On Wednesday, Michael McKinley, a career foreign service officer and Secretary of State Mike Pompeo’s de facto chief of staff, told investigators behind closed doors that he could no longer look the other way amid the Trump administration’s dealings with Ukraine, which were among the reasons he ended his 37-year career last week, according to multiple people familiar with the testimony, who, like others who spoke to The Associated Press on condition of anonymity, were not authorized to discuss it.
“I was disturbed by the implication that foreign governments were being approached to procure negative information on political opponents,” McKinley testified, according to a former colleague familiar with his remarks.
The impeachment inquiry revolves around a whistleblower’s complaint that Trump was pushing Ukraine’s leader into opening an investigation of a company connected to the son of Trump’s potential 2020 Democratic rival Joe Biden.

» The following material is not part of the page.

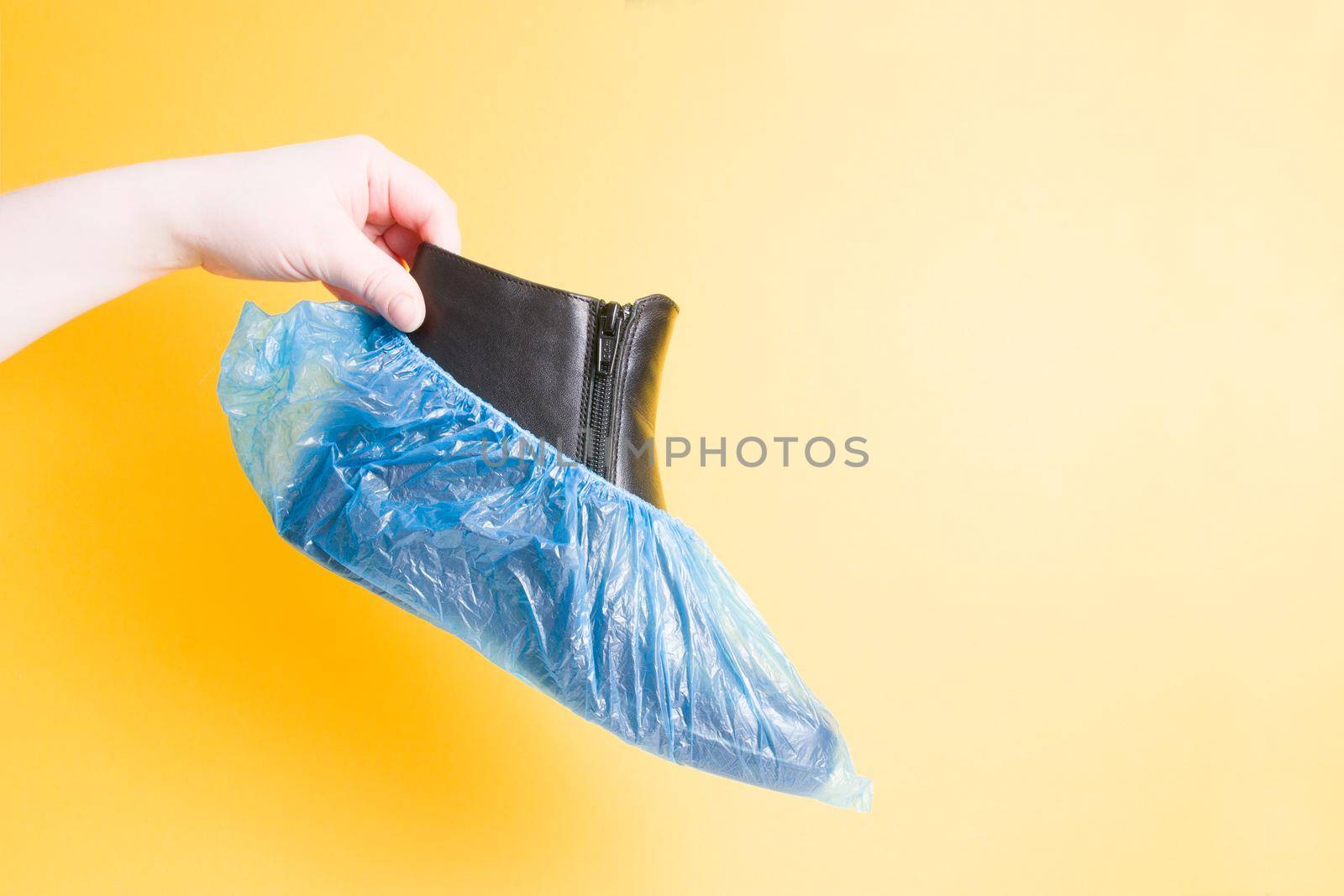 blue disposable shoe covers on a yellow background copy space by natashko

It is illegal to solicit or receive foreign help in a U.S. election.
Among McKinley’s concerns was the administration’s failure to support Ukrainian Ambassador Marie Yovanovitch, ousted in March on Trump’s orders.
McKinley, who as a Latin America expert wasn’t involved in Ukraine, was also frustrated that there had been no response to an August inspector general’s report that found significant evidence of leadership and management problems, including allegations from career employees that Assistant Secretary of State Kevin Moley and his former senior adviser Marie Stull retaliated or tried to retaliate against them as holdovers from the Obama administration.